18 March 2004

Tonight as I slowly walked up the escalator at Arsenalna metro at 20:30, returning home from tutoring and working, I realized that I wasn’t exhausted as I so often am by this time of night. I tried to remember the last time I thought to myself, I’m sooo tired, and felt it deep in my body and spirit and couldn’t remember!

I thought back through the winter, back to the previous spring when we’d just arrived and how tired I was during training, then a slight reprieve during the summer. I feel as if a fog has lifted. The weather has been warmer and the sun shines longer each day.
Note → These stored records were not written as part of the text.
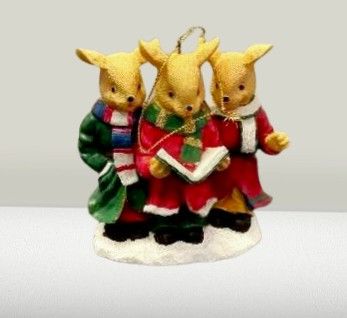 Vintage Collectable Singining Mice Ornament Figurine Decor Holiday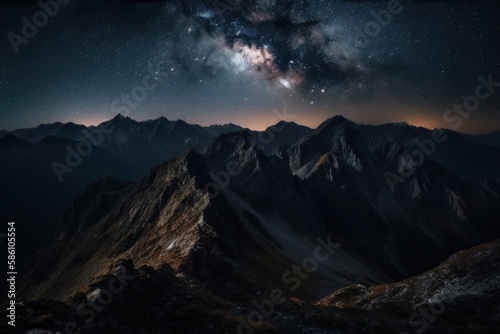 breathtaking view of stars shining over majestic mountain peaks at night created with Generative AI technology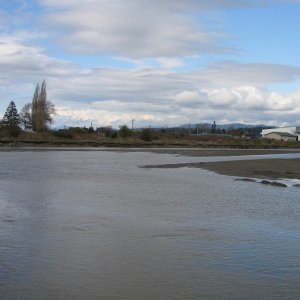 Junction of Stilly and South Pass, looking north.  Large white building is Twin City Foods in Stanwood.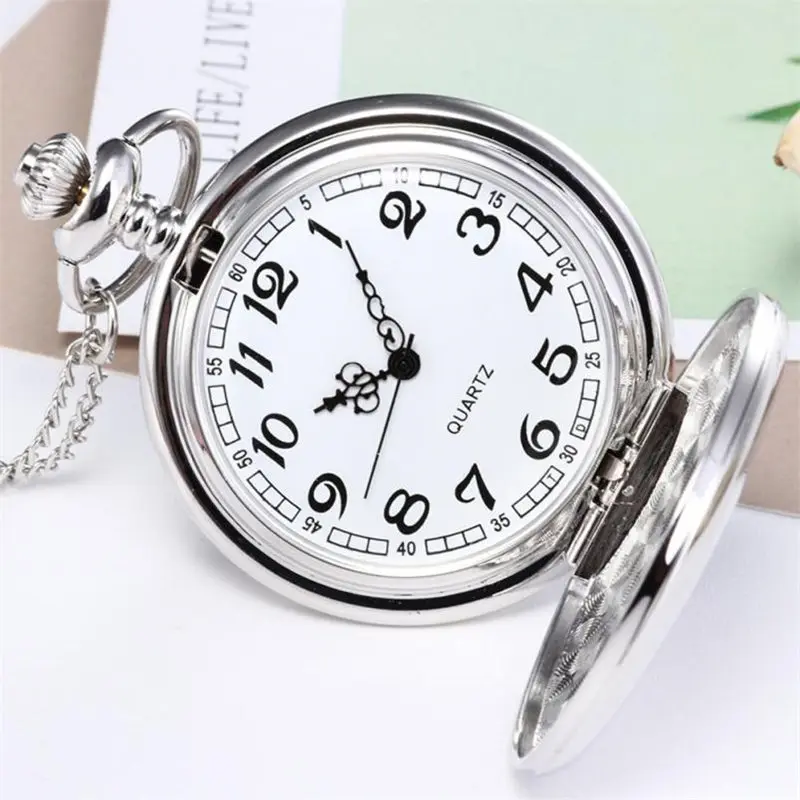 

2018 New Silver Smooth Quartz Necklace Pocket Watch With Short Chain Best Gift horloges mannen Women Clock relogio de bolso #C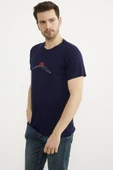 Sıfır Yaka Baskılı Kısa Kol Tişört - Lacivert thumbnail 2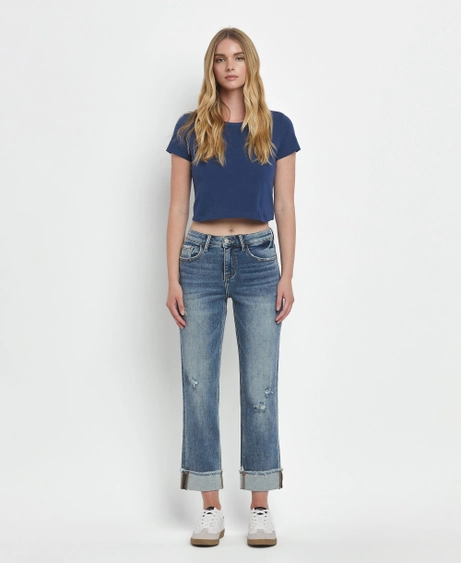 Lovervet High Rise Cuff Straight Jeans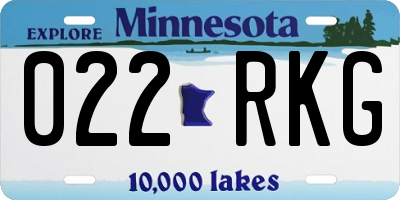 MN license plate 022RKG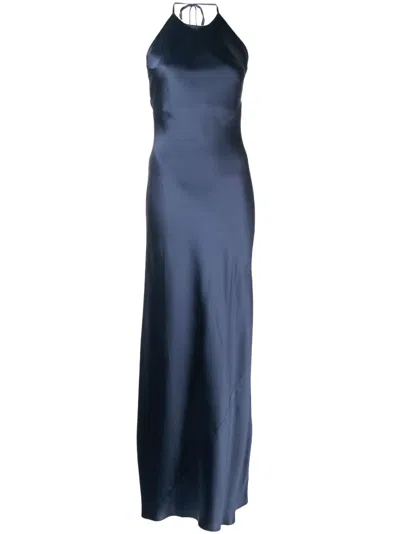 Reformation Jeany Silk Charmeuse Halter Dress In Blue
I think maybe that in addition to having reached another level of acceptance and acculturation, just having the winter waning helps me. I have exercised through out the winter and tried to get the prescribed hour of natural light each day, but I think I may have been affected nonetheless by the season. And everyone says this was a mild winter!

Today as I walked outside in the 50F air, in the sunlight at 18:00, I remembered back to training in Brovary and how it seemed that every day I looked up another foot, literally looking up from watching the ground for the ubiquitous holes and mud puddles. How each time I looked up more, I saw something new, something I could read and understand, or a smiling child or even just a patch of blue sky. I remembered how much hope and comfort those small sights gave me. I thought of this because today in the light and warmth I felt myself looking up again.

I thought about how I’ve been wearing a brimmed hat all winter, a wonderful black velvet hat that Christopher’s Mom, Donna, sent me. It is a stylish and warm hat and keeps snow off my face. Now that the weather has freed me from that hat, and I’m no longer concentrating on the ice, I begin to see new things again. Today I noticed for the first time that the building where I meet my Russian tutor has a wonderful Soviet mural depicting people dancing, doing “labor” and sports. I saw new flowers in the underground passages where people set up tables selling goods. The babushkas have new produce. Even though the growing season hasn’t really started yet, there’s a hint of verdant things to come. It’s joyous, it’s the beginning of spring.

Sure, we may not yet be done with winter, but spring has shown itself and the end is in sight. We have made it! My first Ukrainian winter is writing its finale. Oh, thoughts of the market to come – berry season, the smell of strawberries hitting my nose as soon as I near the bazaar, then later watermelon. But I get ahead of myself. Today is just right. It’s this blessing I receive and I’m grateful.